# [Material provided]
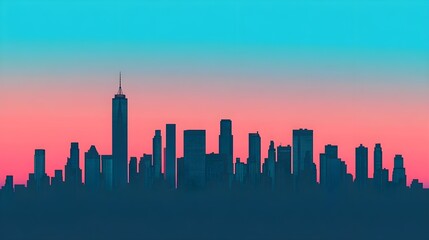 Obraz premium City Skyline Sunset Silhouette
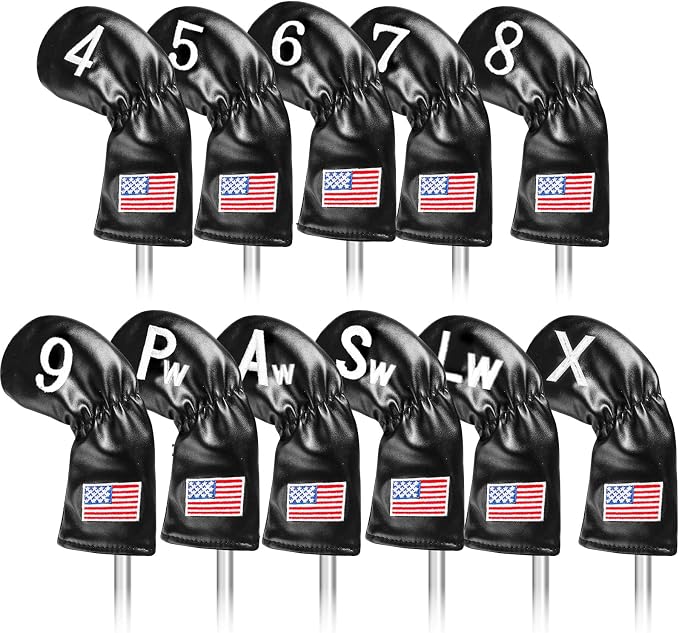 Golf Iron Covers Set US Flag Leather for Irons Value 11 Pack, Long Neck Protector Number Headcover, Universal Head Cover Fit Main Iron Clubs for Men Women Golfer
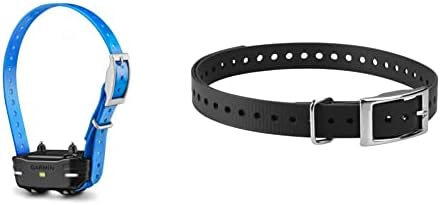 Garmin PT10 Dog Device Blue Collar (Pro 70/Pro 550) & 3/4-Inch Black Collar Strap for Garmin Delta Series
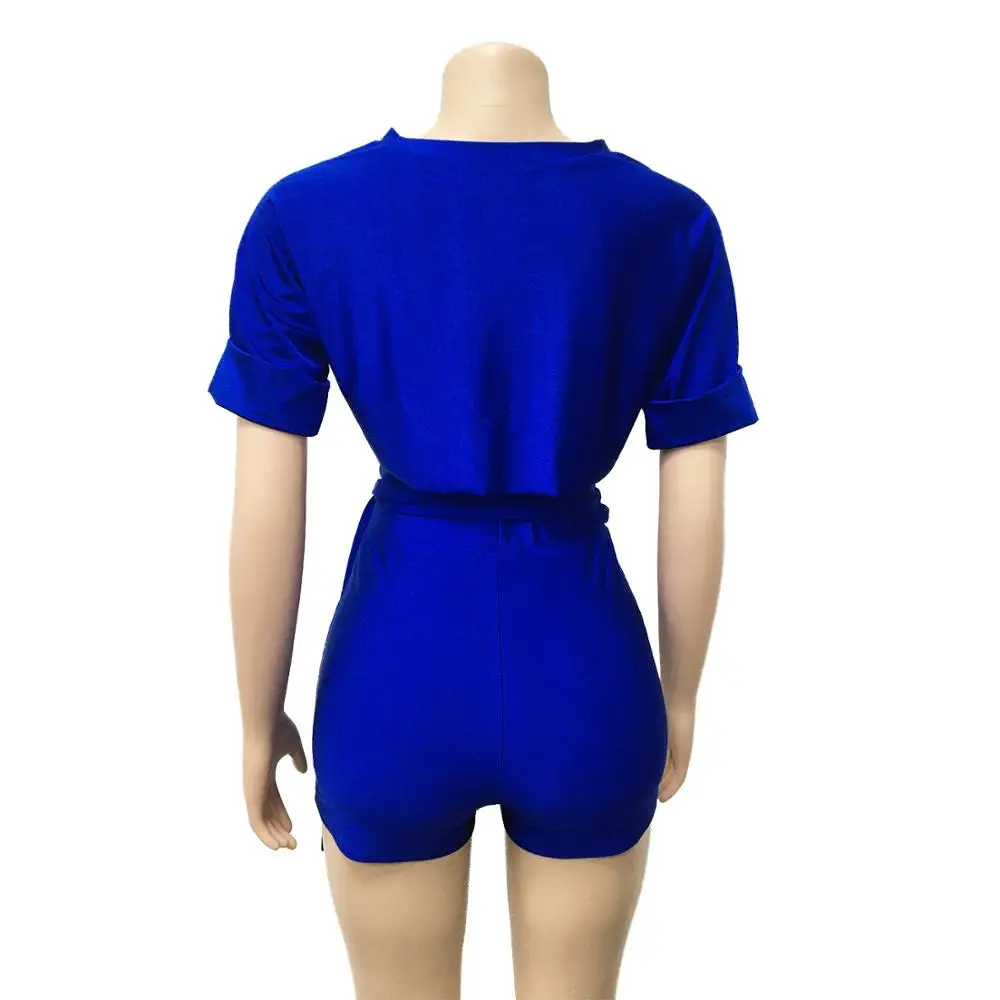 

2020 Europe Summer new sexy solid color women's suit fashion slim o-neck short sleeve T-shirt and shorts mask three piece set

# [Try it]
The required response consists solely of the lines from the line containing "Golf Iron Covers" through the end of the listing, both ends included, copied exactly without pictures.

# [Result below]
 Golf Iron Covers Set US Flag Leather for Irons Value 11 Pack, Long Neck Protector Number Headcover, Universal Head Cover Fit Main Iron Clubs for Men Women Golfer
 Garmin PT10 Dog Device Blue Collar (Pro 70/Pro 550) & 3/4-Inch Black Collar Strap for Garmin Delta Series

2020 Europe Summer new sexy solid color women's suit fashion slim o-neck short sleeve T-shirt and shorts mask three piece set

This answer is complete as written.